Britt W, Fay J, Seals J, Kensil C
Department of Pediatrics, University of Alabama at Birmingham 35233.
J Infect Dis. 1995 Jan;171(1):18-25. doi: 10.1093/infdis/171.1.18.
The immunogenicity of a vaccine formulation consisting of recombinant-derived human cytomegalovirus (HCMV) glycoprotein B (UL55) combined with a chemically defined adjuvant derived from saponin, QS-21, was evaluated in mice. The immune responses of mice given the gB/QS-21 formulation were compared with those induced by gB combined with either Freund's adjuvant or aluminum hydroxide. The gB/QS-21 combination induced higher levels of virus-binding antibodies and significantly higher levels of virus-neutralizing antibodies than gB combined with either Freund's adjuvant or aluminum hydroxide. Animals given gB/QS-21 exhibited IgG subclass switching and produced significant titers of virus-specific IgG2a antibodies. Furthermore, animals given gB/QS-21 produced antigen-specific cytotoxic spleen cells. Because of its immunogenicity, a subunit vaccine containing HCMV gB and QS-21 offers a potential approach to the immunoprophylaxis of HCMV disease.

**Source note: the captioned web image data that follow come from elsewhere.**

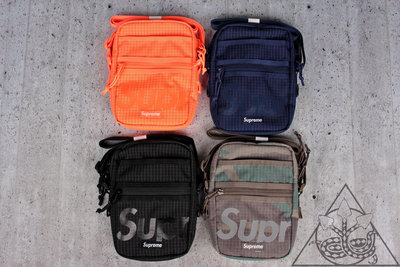 【HYDRA】Supreme 24SS Shoulder Bag 肩包 肩背包 小包 3M【SUP630】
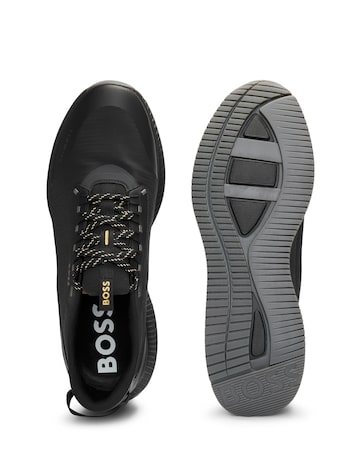 BOSS Titanium EVO Runner Trainer - Black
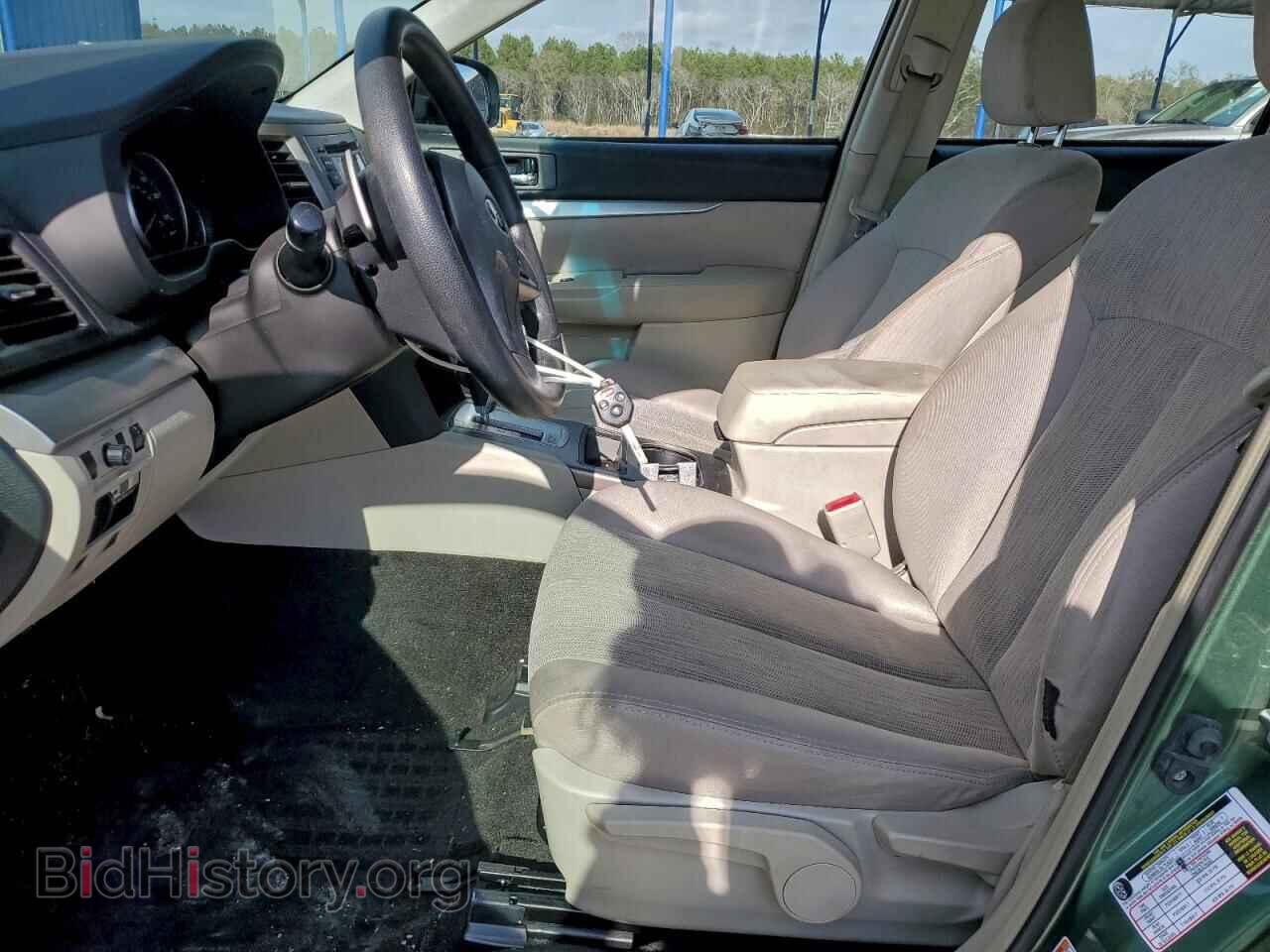 2014 SUBARU OUTBACK - VIN: 4S4BRCAC0E3214125 - Фото 7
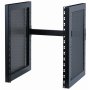 14U Rack Add On Module Black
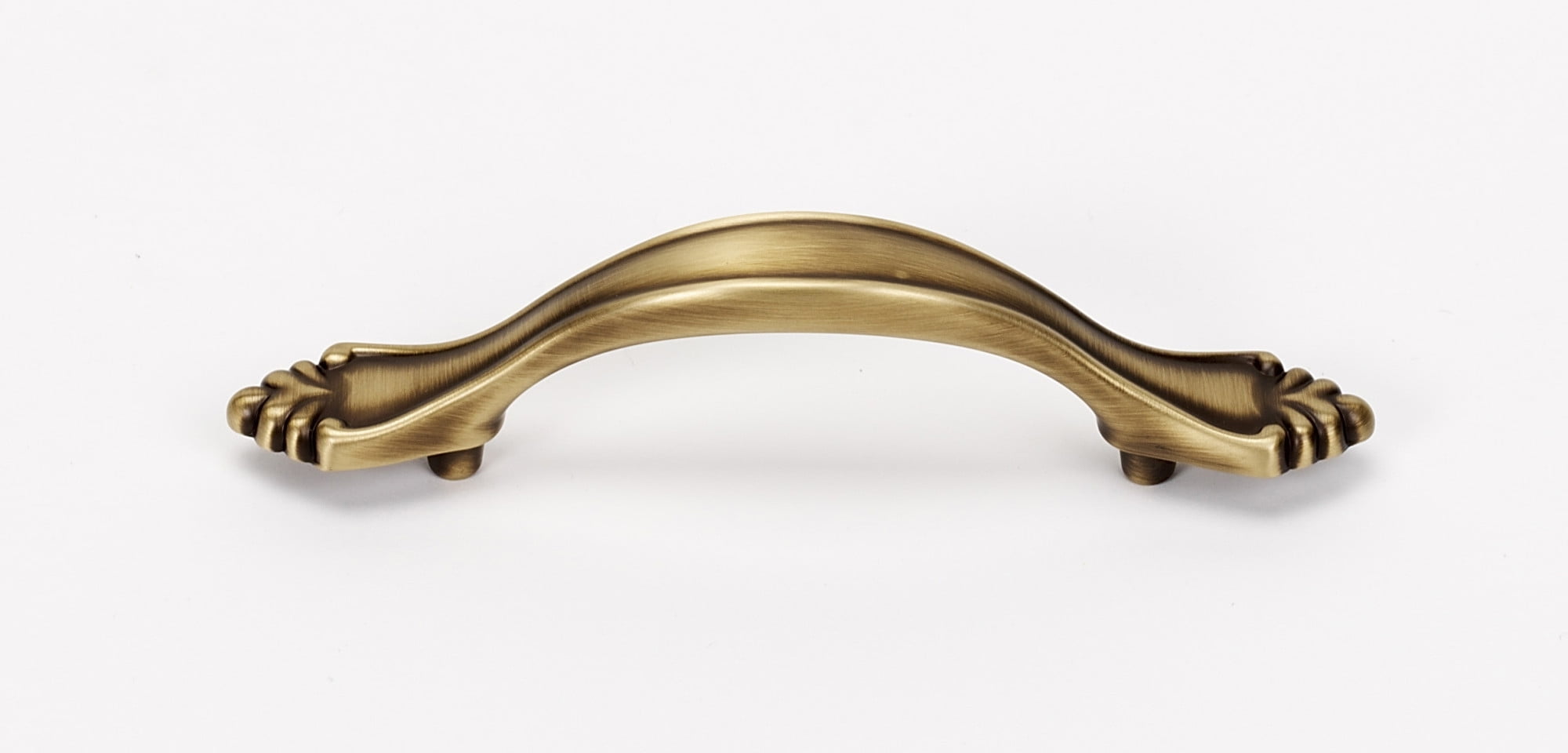 Alno A1455-3-AEM Bella 3" Cabinet Pull Antique English Matte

在小鼠中评估了由重组人巨细胞病毒(HCMV)糖蛋白B(UL55)与一种源自皂苷的化学定义佐剂QS-21组成的疫苗制剂的免疫原性。将给予gB/QS-21制剂的小鼠的免疫反应与由gB与弗氏佐剂或氢氧化铝联合诱导的免疫反应进行比较。与gB与弗氏佐剂或氢氧化铝联合相比,gB/QS-21组合诱导出更高水平的病毒结合抗体和显著更高水平的病毒中和抗体。给予gB/QS-21的动物表现出IgG亚类转换,并产生了显著滴度的病毒特异性IgG2a抗体。此外,给予gB/QS-21的动物产生了抗原特异性细胞毒性脾细胞。由于其免疫原性,含有HCMV gB和QS-21的亚单位疫苗为HCMV疾病的免疫预防提供了一种潜在方法。